Em Setembro do ano passado, após a repressão brutal dos monges revoltosos, foram precisamente Nova Deli e Pequim a sair em defesa de Rangum, bloqueando as propostas de sanções económicas.
Com a sua longa costa para a Baía de Bengala, o país é um parceiro vital para as marinhas chinesa e indiana, que ambicionam controlar o Oceano Índico. A concorrência levou mesmo Pequim a alugar as ilhas birmanesas Coco, localizada a menos de 30 quilómetros do arquipélago indiano de Andamão e Nicobar, onde a Índia mantém a sua mais importante base militar integrada. Ambos os países partilham também extensas fronteiras territoriais com a Birmânia, atravessando florestas polvilhadas por tráfico de estupefacientes e humanos, e separatistas tribais armados.
Por outro lado, ministros chineses e indianos têm-se desdobrado em visitas oficiais aos generais, oferecendo pacotes de ajuda económica, investimentos e equipamentos militares, em troca de contratos de exploração das imensas reservas de gás natural birmanês.
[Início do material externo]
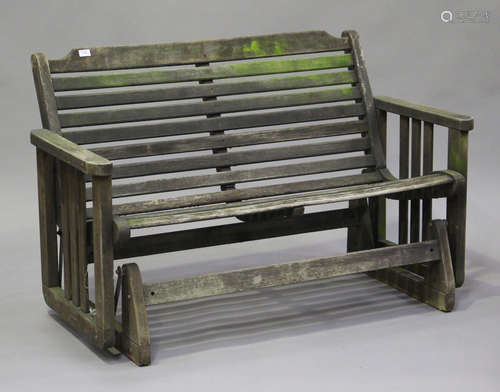 A late 20th century slatted hardwood rocking garden bench, h...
Em inícios de Abril, Nova Deli recebeu autorização para avançar com um corredor de transporte estratégico entre a sua fronteira do Nordeste e o porto de Sittwe, ao longo do rio Kaladan. Entretanto, a China tem apostado no comércio bilateral, escoando os produtos da sua província fronteiriça de Yunnan para o apetecível mercado birmanês.
Os generais de Rangum têm gozado os mimos chineses e indianos ao máximo, seguindo o equilibrado ‘caminho do meio’ recomendado pela sabedoria budista. Resta saber até quando.